The other role in which Tchen became enveloped in controversy was her leadership of the Time’s Up Legal Defense Fund (or Time’s Up), a liberal-leaning litigation and advocacy group targeting sexual harassment. Despite Time’s Up’s mission, as New York Governor Andrew Cuomo (D) was going into a political death spiral amid widespread allegations of inappropriate conduct with female subordinates, Tchen was aiding Cuomo’s efforts to smear one of the women accusing Cuomo of misconduct. Tchen resigned from Time’s Up after the Washington Post reported on text messages that “reportedly showed that Tchen told her colleagues to ‘stand down’ from issuing a statement in support of Lindsey Boylan in the days following Boylan’s accusations against Cuomo.”
In the Smollett saga (as in the Cuomo case), Tchen performed what amounted to public relations for Smollett and his family, including reaching out to Foxx after it was already clear that Jussie Smollett had not in fact been attacked as the actor claimed. She asked for favors for a politically well-connected friend. That’s the Chicago Way.
The Chicago Way
Over the decades, Chicago has earned a reputation for public corruption. Anti-gun legislators found with guns in their offices in a federal extortion investigation? Check. A semi-dictatorial state speaker of the house whose law firm was the largest property tax appeals firm in the state? Check. A state senator taking a quarter of a million dollars in bribes from a red-light-camera company? Check. A state representative, who was also registered to lobby on behalf of the city, busted for bribing a state official? Check. A city alderman busted embezzling $14,000 from a charity for children and seniors? Check.
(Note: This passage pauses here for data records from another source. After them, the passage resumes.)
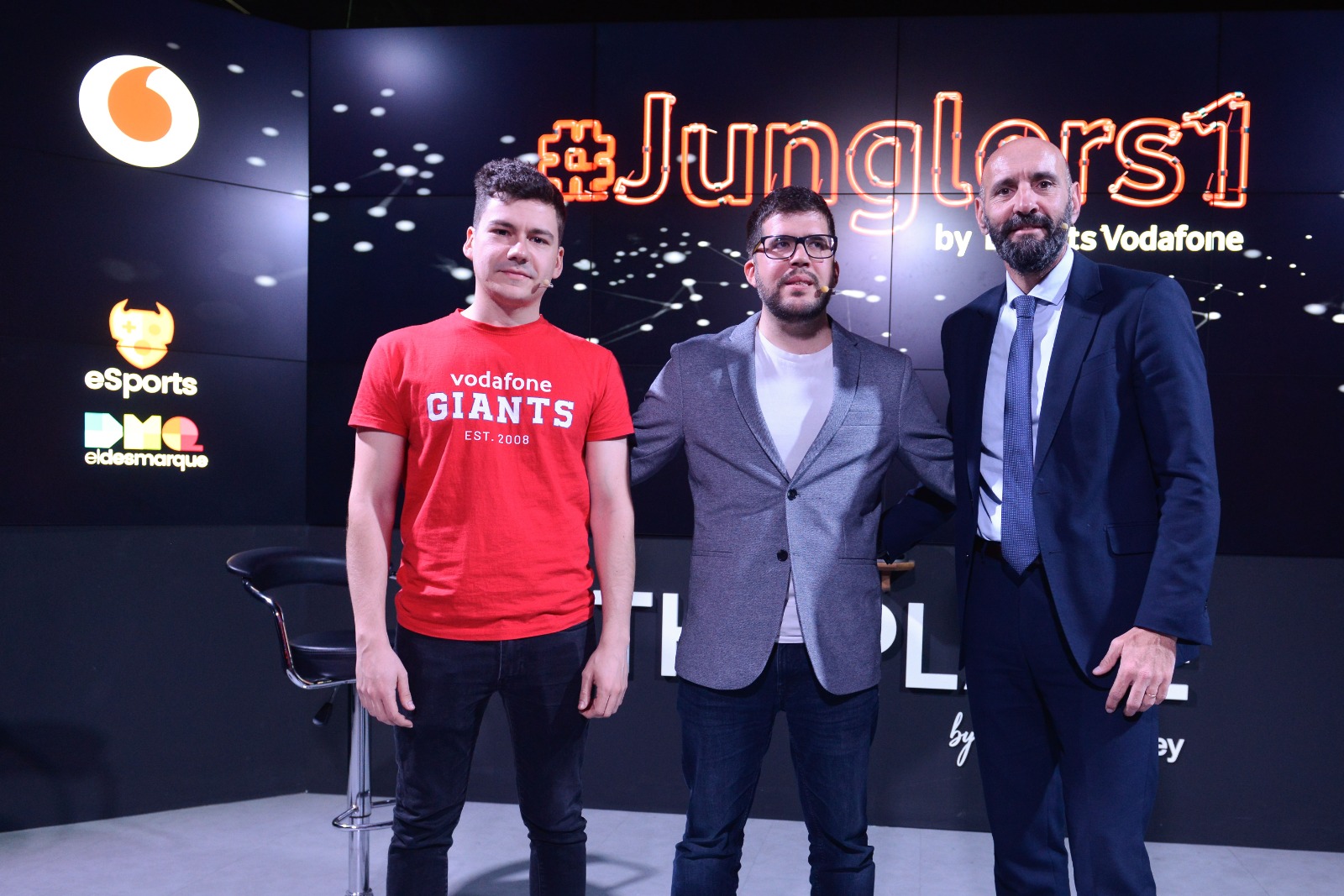 Lozark y Monchi junto al conductor del programa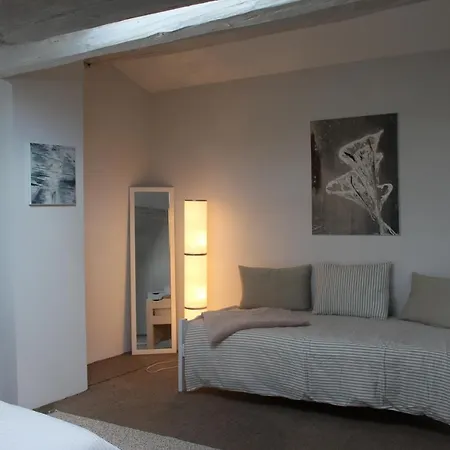 וילה Mas Les Romarins, 10 Min D'uzes, Piscine Et Grand Jardin Clos, Jeux, Nid De Repos Et Base Pour Activites Dans Le Gard (adults Only) *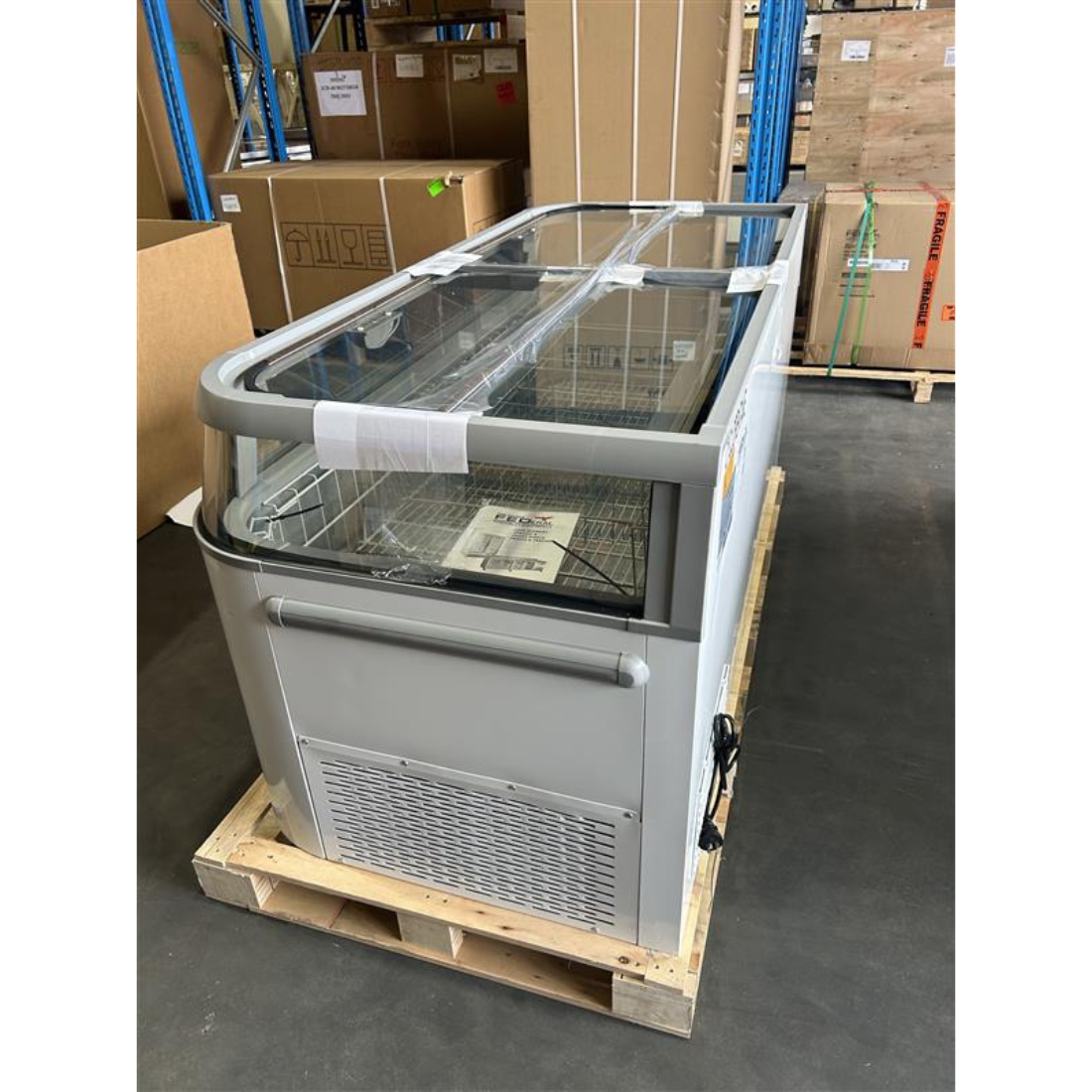 Ex-Showroom: Thermaster Supermarket Island Freezer with Glass Sliding Lids - ZCD-E185G-QLD137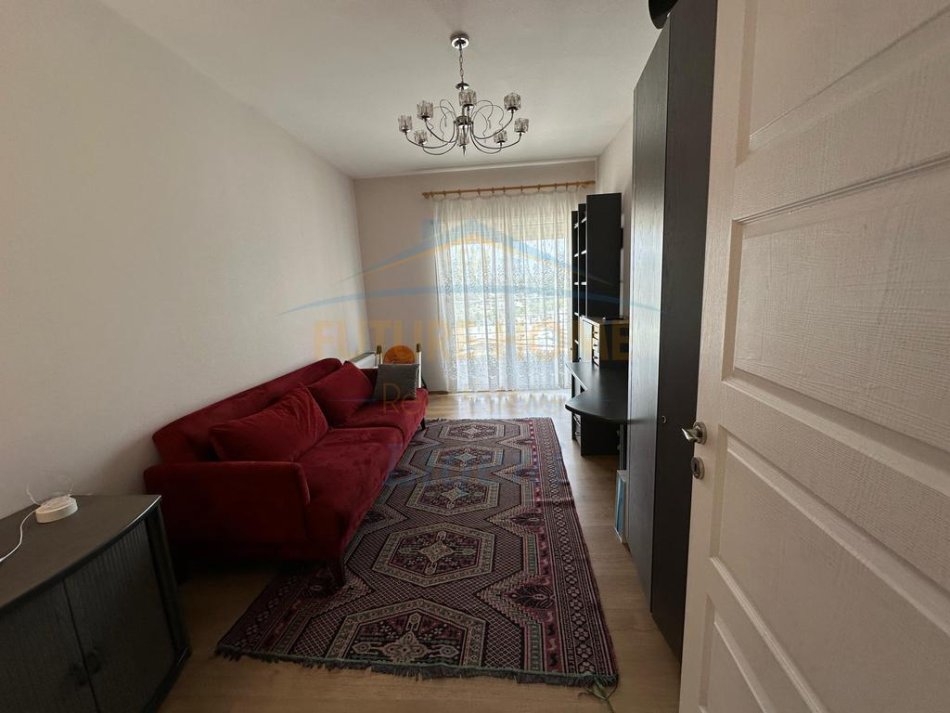 Tirane, shitet apartament 3+1 Kati 6, 151 m² 365.000 € (Liqeni i Thate)
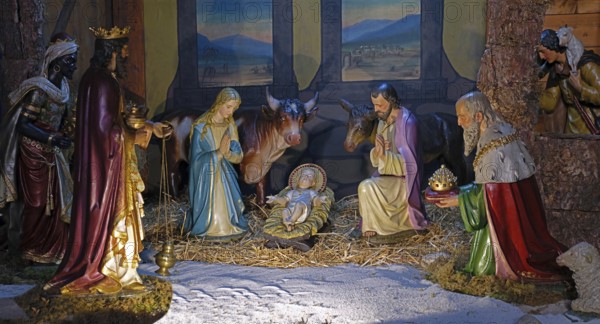 Christmas cot, Holy Family, Three Wise Men, Parish Church of St Peter and Paul, Dieburg, Hesse, Germany, Europe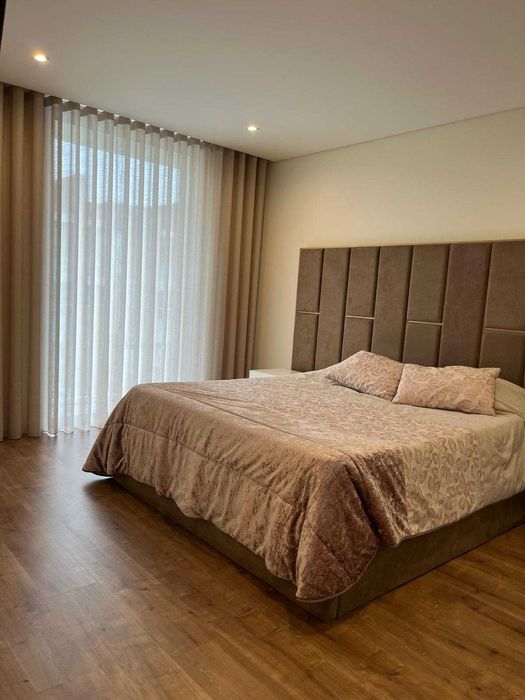 Conjunto de móveis de sala e quarto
This list is hardly exhaustive. With that background, some well-connected operatives trying to pull strings on behalf of a celebrity who committed relatively low-level offenses allegedly to improve his television contract seems hardly worthy of note. What makes it notable is that it exemplifies the ethos of the Chicago Way: They thought they could get away with it.
At least in Jussie’s case, he didn’t.